Sorry if I come off as crazy. But it is my sincere belief we are just a step away from being enslaved with technology in the same way certain groups were enslaved and persecuted based on their skin color, ethnic origins, or religious beliefs. The only difference being, while there were places to run for them, if they ran far enough, there will be no where for us to run because the collective world order is all moving towards the same set of evil laws, even if they all only want to enforce it domestically.
(Score: 2) by Scruffy Beard 2 on Friday July 15 2016, @10:55PM
A laptop or netbook based on the Embedded Open Modular Architecture/EOMA-68 [elinux.org] would be sweet.
Bonus points if it uses a transflective display for use in full sunlight.
(Score: 0) by Anonymous Coward on Saturday July 16 2016, @04:00PM
too expensive and the selection of off-module IO leaves a lot to be desired.
Honestly, given the CPU selection, it isn't any better than just buying a cheap chinese android netbook and reflashing it with a proper linux distro.
EOMA is probably good for certain embedded/industrial applications, but doesn't really make a good general purpose computer module.
(Score: 2) by wonkey_monkey on Friday July 15 2016, @08:36PM
A CPU that is fast enough to be usable with no evil bits
Apart from the evil bit [wikipedia.org].
systemd is Roko's Basilisk
(Score: 0) by Anonymous Coward on Friday July 15 2016, @11:49PM
"This looks like everything we have been crying out for.

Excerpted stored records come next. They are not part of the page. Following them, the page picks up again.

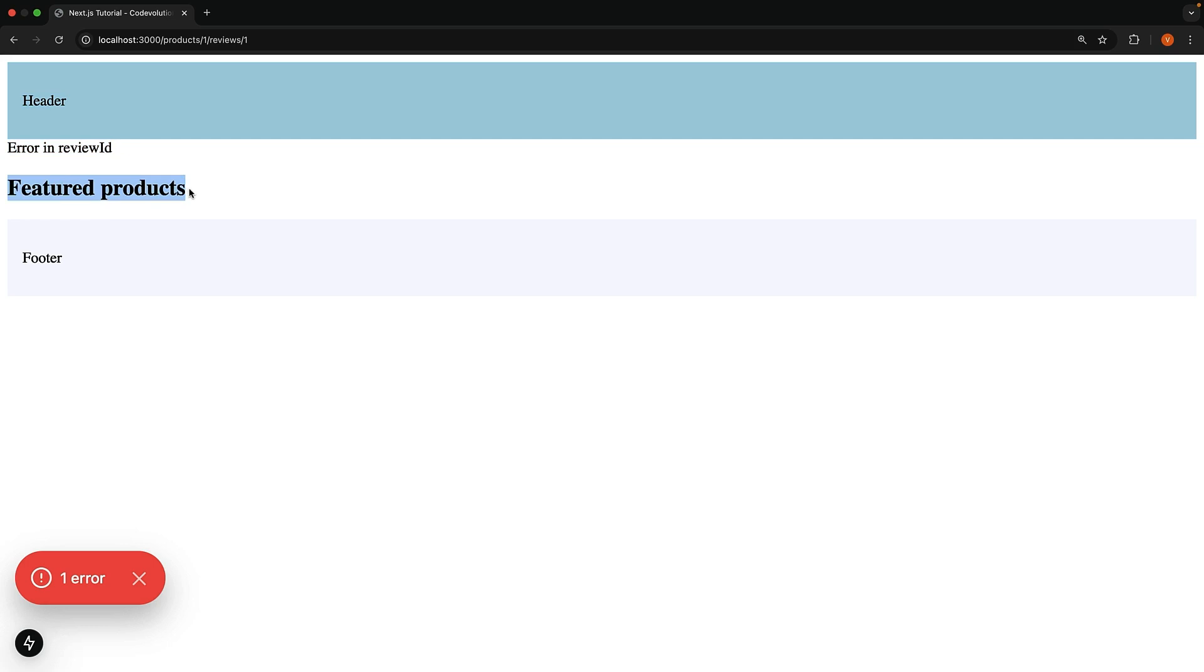and the footer. Only the review ID component has been replaced by the JSX defined in error.tsx.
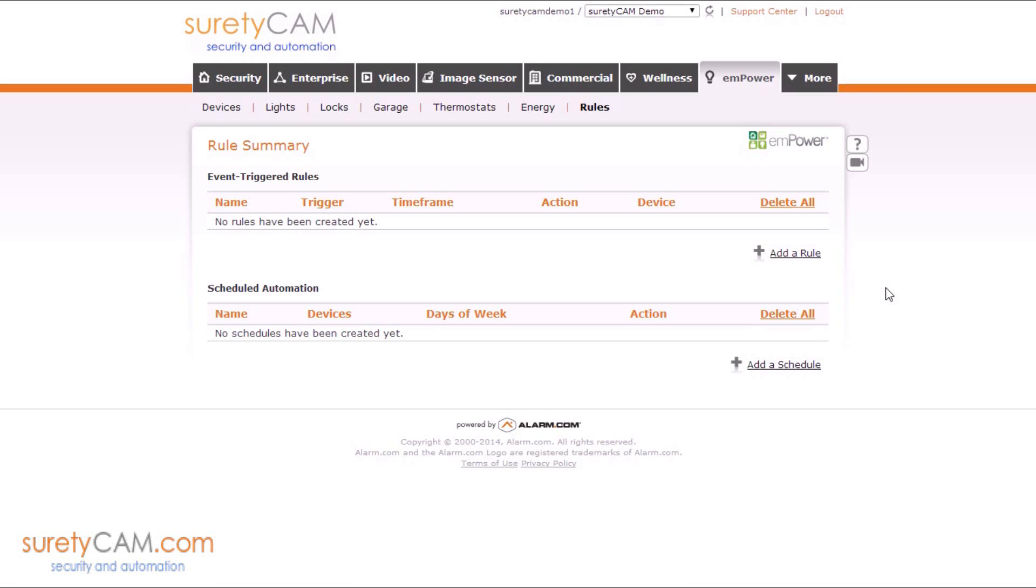Unfortunately, at the current time, Alarm.com does not directly support initiating light automation rules by locks. However, we can create two separate rules in order to accomplish this.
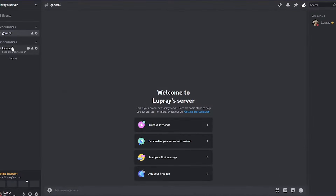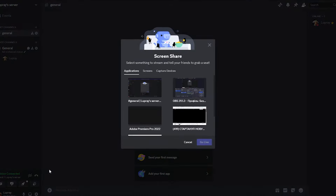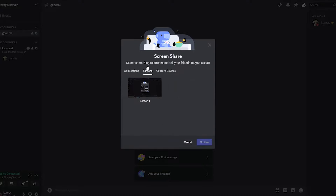I'll show you how to stream with sound on Discord. You need to join a voice chat or be in a voice call, then click on the screen share button. You can stream some application or stream your screen. Let's click on screen.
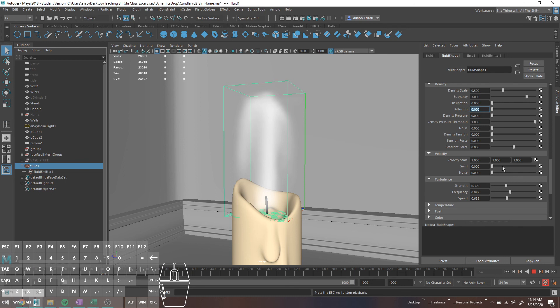You can continue the sim and see a live update of what the density is doing, which is nice for understanding what's happening. Incandescence is generally tied to temperature. If you're going to use incandescence it will make it glow, but we have no temperature right now. Temperature is turned off in contents methods, so we want to set that to dynamic grid. We'll probably have to resim this.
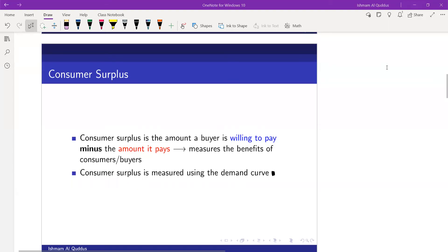Today we are going to talk about a new concept: consumer surplus. Consumer surplus is the amount a buyer is willing to pay minus the amount it pays. So consumer surplus measures the benefits of the consumers or buyers.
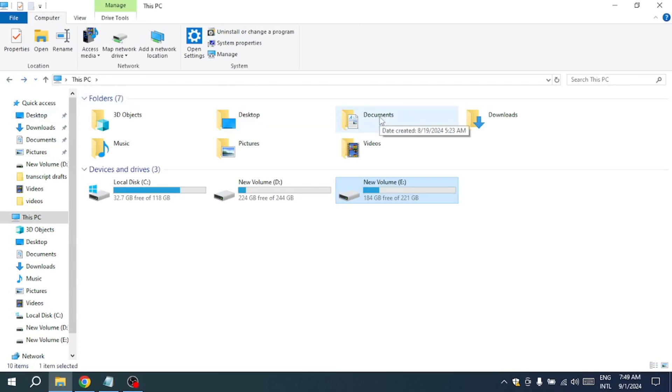If the Check Disk utility was successful in repairing the drive, you've effectively restored access to your data without losing any of it. However, it's important to remember that this solution might not work in all cases, especially if the drive has severe physical damage or if the file system corruption is too extensive.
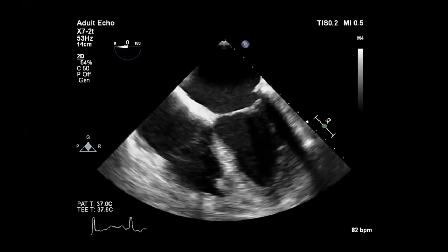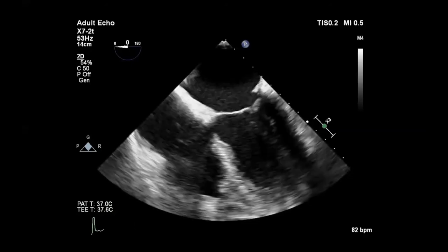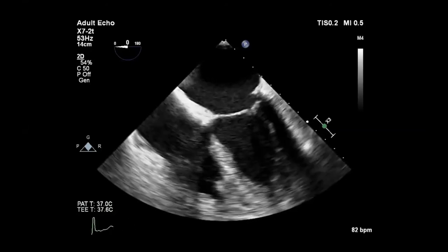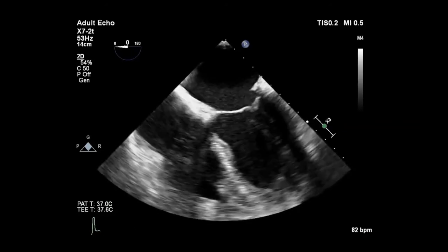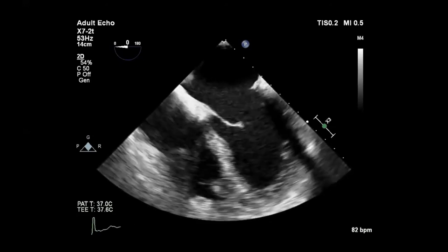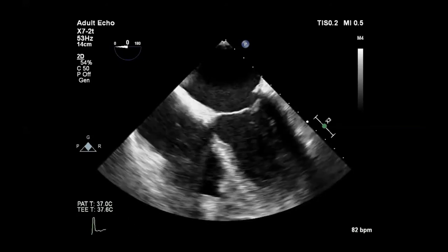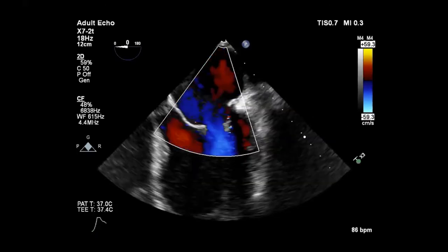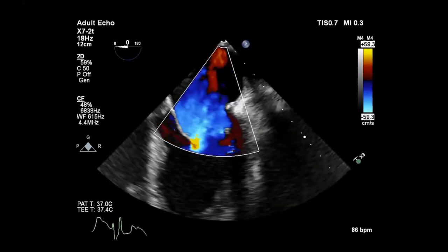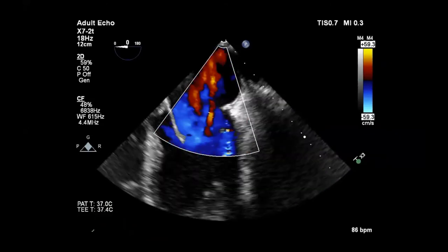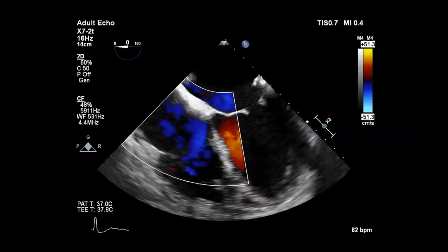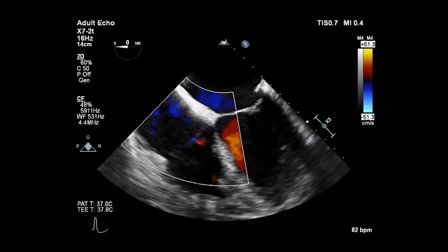This is a four-chamber view. The RV function looks normal. The LV doesn't look quite normal — it's mildly reduced — but the valve leaflets themselves don't look thickened or calcified and seem to be meeting in the middle. With color on the mitral valve, you can see a clear failure of coaptation and there's a large central jet hitting the base of the atrium. There's also trivial TR on the tricuspid.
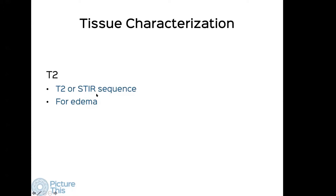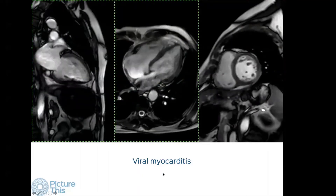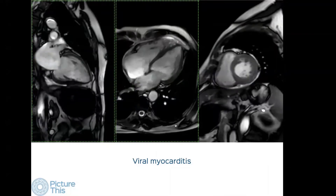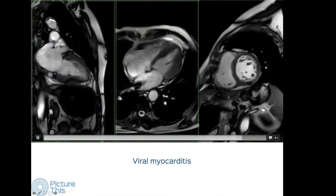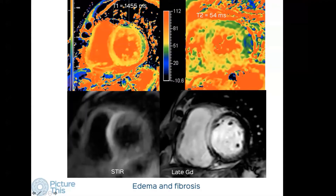We also do T2 mapping and sometimes the STIR sequence. T2 mapping is used to look for edema. Here is a patient who presented with what looked like an acute coronary syndrome — the catheter angiogram was normal, there is mildly reduced systolic function, T1 was high, T2 was high indicating definite edema, and we found late gadolinium enhancement in the anteroseptal segment. So there is edema and fibrosis both. On follow-up after three to six months we can assess residual fibrosis and reduction of edema.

A CPU...." yes, but a GPU is needed to go along with it, in today's world.
(Score: 0) by Anonymous Coward on Saturday July 16 2016, @04:03PM
You could just have a couple of them with massive simd/mimd fpu arrays handling the gpu features as well. May or may not be as energy efficient, but could certainly be used to bring up a minimum level of performance even using mesa's software implementation.
(Score: 2) by TheRaven on Sunday July 17 2016, @12:01PM
sudo mod me up
(Score: 2) by Gravis on Friday July 15 2016, @10:21PM
I would love to see a heavyweight class RISC-V CPU so that real libre desktop computers could be constructed. This is a good start and could be used to construct a libre smartphone or a Chromebook-esque laptop.